By Paul Bendix
Public WorksUploaded: Mar 24, 2014
Let's hear it for the City of Menlo Park, whose crews have leveled and flattened some of the roughest patches of sidewalk in my downtown neighborhood. One particular peak, a place where concrete sections had tilted into a sort of A frame, has vanished. My wife and I went searching for it on our morning way to Peet's, casting us into one of those moments of middle-aged, memory-compromised confusion. Had it ever been there, that steep sidewalk protuberance? What happened to the place where my wheelchair threatened to snag? Gone it was. And I not only thank, but salute, the city department responsible.

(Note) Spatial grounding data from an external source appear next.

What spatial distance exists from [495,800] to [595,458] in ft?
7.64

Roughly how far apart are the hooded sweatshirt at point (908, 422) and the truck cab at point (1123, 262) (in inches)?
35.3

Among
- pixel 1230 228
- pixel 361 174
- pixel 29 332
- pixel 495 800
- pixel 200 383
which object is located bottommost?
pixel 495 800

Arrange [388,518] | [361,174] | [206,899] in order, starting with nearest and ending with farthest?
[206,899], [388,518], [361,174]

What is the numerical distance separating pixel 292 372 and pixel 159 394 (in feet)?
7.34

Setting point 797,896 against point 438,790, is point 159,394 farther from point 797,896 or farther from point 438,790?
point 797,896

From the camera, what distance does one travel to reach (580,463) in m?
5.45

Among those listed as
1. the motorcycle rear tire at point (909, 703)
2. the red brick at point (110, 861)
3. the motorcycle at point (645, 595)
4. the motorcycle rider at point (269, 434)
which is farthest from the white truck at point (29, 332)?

What city department is responsible? That is the thing about public services. I tend to take them for granted. I scream when things aren't working, take it for granted when they are. But judging by the look of much of America these days, public services and more specifically, public servants are not to be taken for granted.

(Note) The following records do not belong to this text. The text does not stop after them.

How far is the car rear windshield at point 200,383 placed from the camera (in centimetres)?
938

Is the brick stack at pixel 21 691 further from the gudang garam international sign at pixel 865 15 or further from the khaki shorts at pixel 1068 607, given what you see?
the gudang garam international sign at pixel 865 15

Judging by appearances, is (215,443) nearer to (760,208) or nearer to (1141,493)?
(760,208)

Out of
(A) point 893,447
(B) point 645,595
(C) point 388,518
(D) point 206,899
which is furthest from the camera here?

Take Caltrain. Okay, maybe you don't take Caltrain, but I do often. And after 10 years on the commuter line's advisory committee, I have at least an amateur's appreciation of what it takes to run the rail system. Actually Caltrain has only a handful of full-time employees. Most share their services with SamTrans, the county bus line. As transit systems go, it has one of the lowest percentages of budget devoted to management.
Fortunately, its management is devoted to it. Yes, after a decade of meetings, I have some basic understanding of how Caltrain works. But public works, the City department of same, is another matter. Whatever my limited knowledge of who does what around the Menlo Park Civic Center, I do know one thing. It doesn't just happen?the City has my thanks.